Europe finds itself at war.

For the last three years Russia has tried to extinguish Ukrainian statehood.

This article will not attempt to discuss the Russian invasion of Ukraine, or the last three years of brutal fighting, in minute detail. Rather, as the voices calling for a peace-agreement between Russia and Ukraine grow ever louder, this article will attempt to discuss what may come after.

In what particular situation does Europe find itself vis a vis Russia, and based on the history and culture of Russia, what is to be expected from her?

Winston Churchill remarked in 1939 that Russian action is a riddle, wrapped in a mystery, inside an enigma. Yet, he went on, perhaps the key to the conduct was the Russian national interest.

Today, we find ourselves again trying to analyse Russian conduct, asking ourselves what comes next. To what should we ascribe its conduct? The idea of the national interest does not seem to be applicable, as it is arguably Russia, not Ukraine, who has suffered the more strategically egregious consequences of the invasion.

Russia is largely isolated, relying on Iranian drones and North Korean artillery ammunition. China talks of eternal brotherhood yet delivers little.

Economically Vladimir Putin is turning Russia into an economic basket case, with Europe having turned away from Russian energy faster than anyone could reasonably have expected. The European Union has now seventeen separate sanction packages on various Russian entities. The re-election of Donald Trump in America has delivered most likely less than Russia would have hoped.

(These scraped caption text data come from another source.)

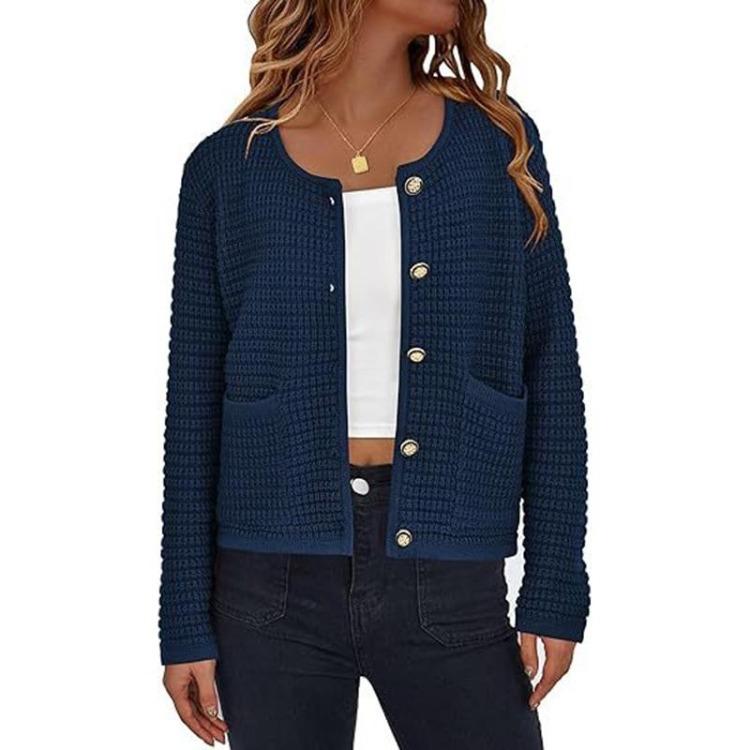 Women's Fashion French Elegant Short Knitted Coat with Pockets Round Neck Long Sleeve Buttoned Solid Soft Comfortable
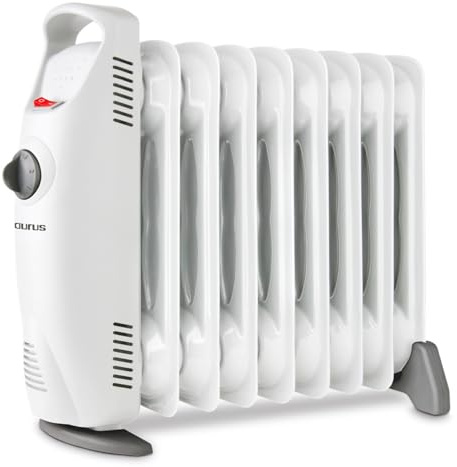 Taurus – Radiatore Elettrico a Olio Masai 1000 | 9 Elementi | Ultra compatto | Termostato regolabile | 3 livelli di calore | Protezione da surriscaldamento | Tecnologia Termo TECH | Spegnimento totale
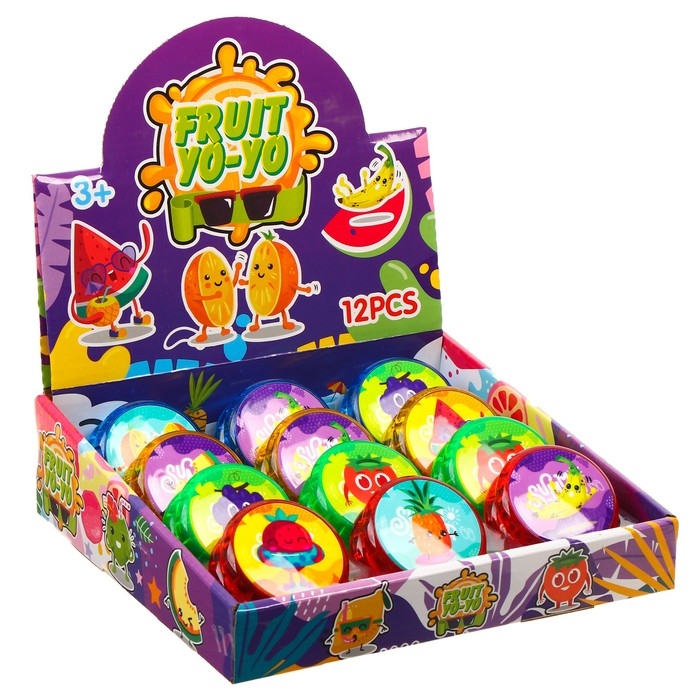 Йо-йо «Фрукты» световой, виды МИКС Йо-йо «Фрукты» световой, виды МИКС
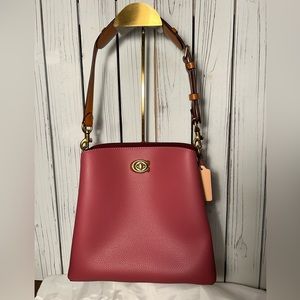 Coach Willow Small Leather Bucket Tote in Rouge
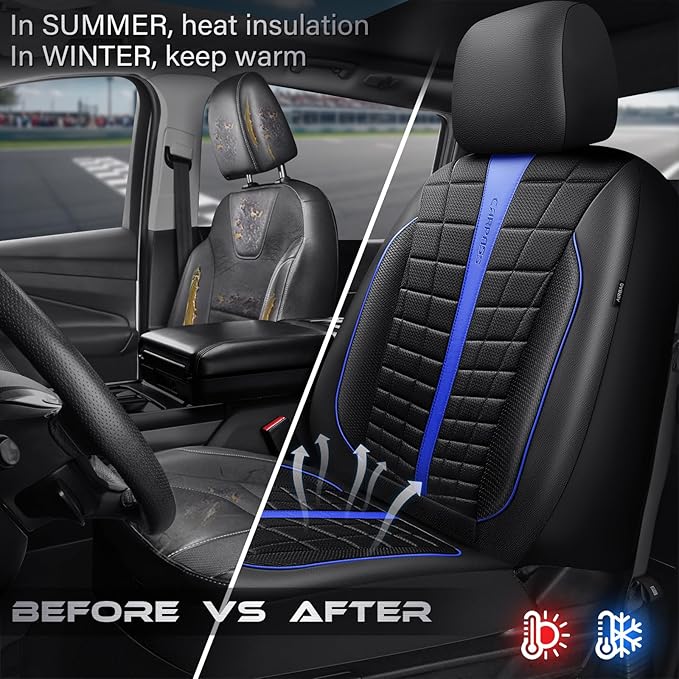 CAR PASS 3D Air Mesh Black Blue Seat Covers for Car,Leather Car Seat Cover Front Seats,Breathable Foam Premium Leather Mesh Front Seat Covers Universal Fit for Cars Sedans Trucks Vans SUVs,Black Blue
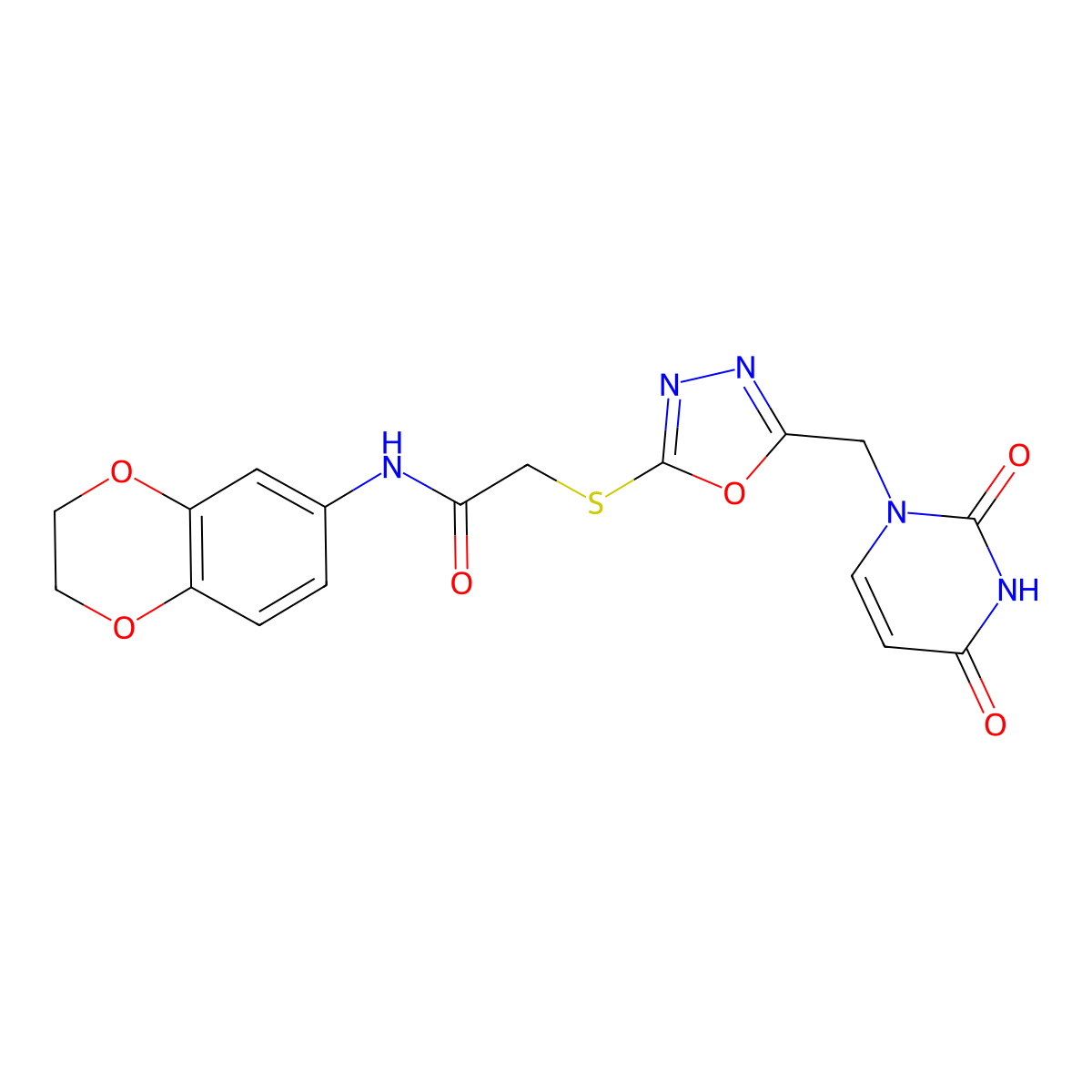 N-(2,3-dihydrobenzo[b][1,4]dioxin-6-yl)-2-((5-((2,4-dioxo-3,4-dihydropyrimidin-1(2H)-yl)methyl)-1,3,4-oxadiazol-2-yl)thio)acetamide molecular structure, CAS 1091462-30-4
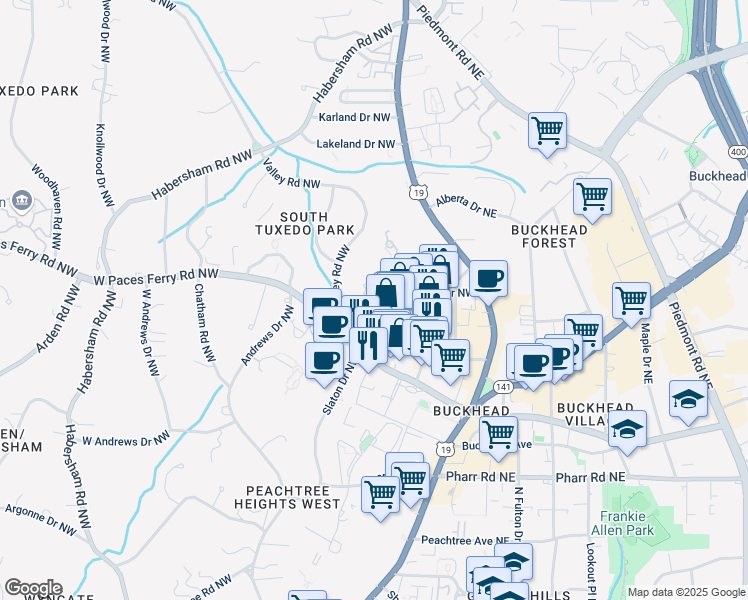 map of restaurants, bars, coffee shops, grocery stores, and more near 312 Stonemont Drive Northwest in Atlanta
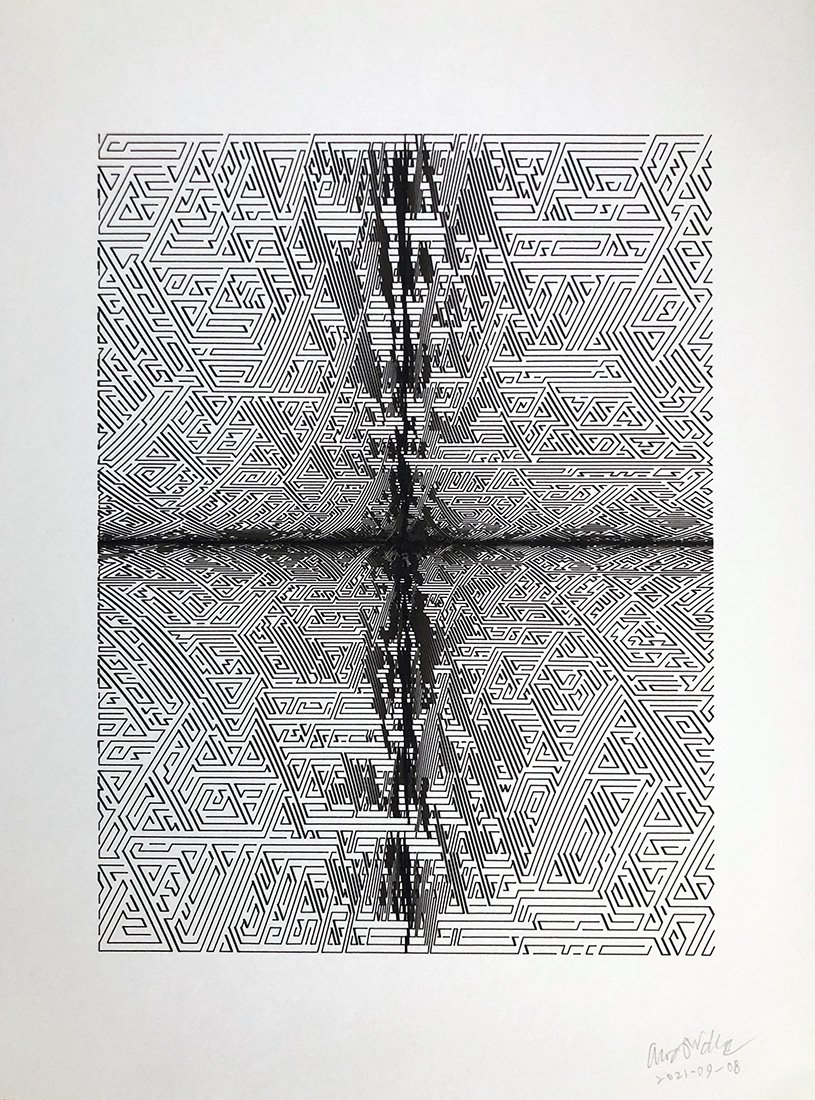 Hex Horizon, 2021, 9"x12", created with a pen plotter using archival quality ink on ph-neutral paper made with a modified flood fill algorithm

Ukraine on the other hand, still stands. The expectation that Ukraine would simply capitulate and Russia would subjugate Ukraine within a few days has proven a folly beyond comprehension. Ukraine now finds itself closer to the European Union than ever before, and more integrated into NATO weapon systems than arguably any other non-NATO member on the planet.

Yet, Russia continues to fight on Ukrainian soil, and Ukrainian women and children die daily due to Russian attacks on civilian infrastructure. Russia still occupies almost twenty percent of Ukrainian soil.

If Europe and Ukraine wants a lasting peace, what is to be done?  And what of our relationship with Russia afterwards?

The root causes of the Russian invasion of Ukraine

Russian officials have repeatedly cited the “elimination of the root causes” of the war as a perquisite for negotiations with Ukraine.[1]

But what are they?

What Russia is demanding is the de facto subjugation of Ukraine to Russia. Robert Person, Russia expert and member of the Council on Foreign Relations, has claimed that “It’s really about turning Ukraine into a subservient vassal state with a puppet government that does his bidding.”[2]

Yet, the conflict goes beyond Ukraine. Ukraine is merely where the current fault lines are drawn. The conflict is with the wider western world, and Europe in particular.

In December 2021, before the invasion of Ukraine, Russia demanded that the United States and its European allies, in other words, NATO, cease all military activity in central and eastern Europe. All NATO military infrastructure put in place after 1997 was to be dismantled, and that NATO would not offer membership to Ukraine.[3]

The demand would have seen a return to a “Cold War-like security arrangement.”[4]

Stephen Hall, assistant professor of Russian and post-soviet politics at the University of Bath points out that Russia showed limited resistance to Polish, and Baltic countries joining NATO in 1999 and 2004, respectively. NATO, he argues, is relevant insofar that it highlights how Ukraine is slipping away from Russia.[5]

On the evening of the 21st February 2022, the day before the invasion of Ukraine, Vladimir Putin claimed that Ukraine is an “inalienable part of our own history, culture and spiritual space.”[6] The Russian President claimed that “modern Ukraine was entirely created by Russia or, to be more precise, by Bolshevik, Communist Russia.”[7]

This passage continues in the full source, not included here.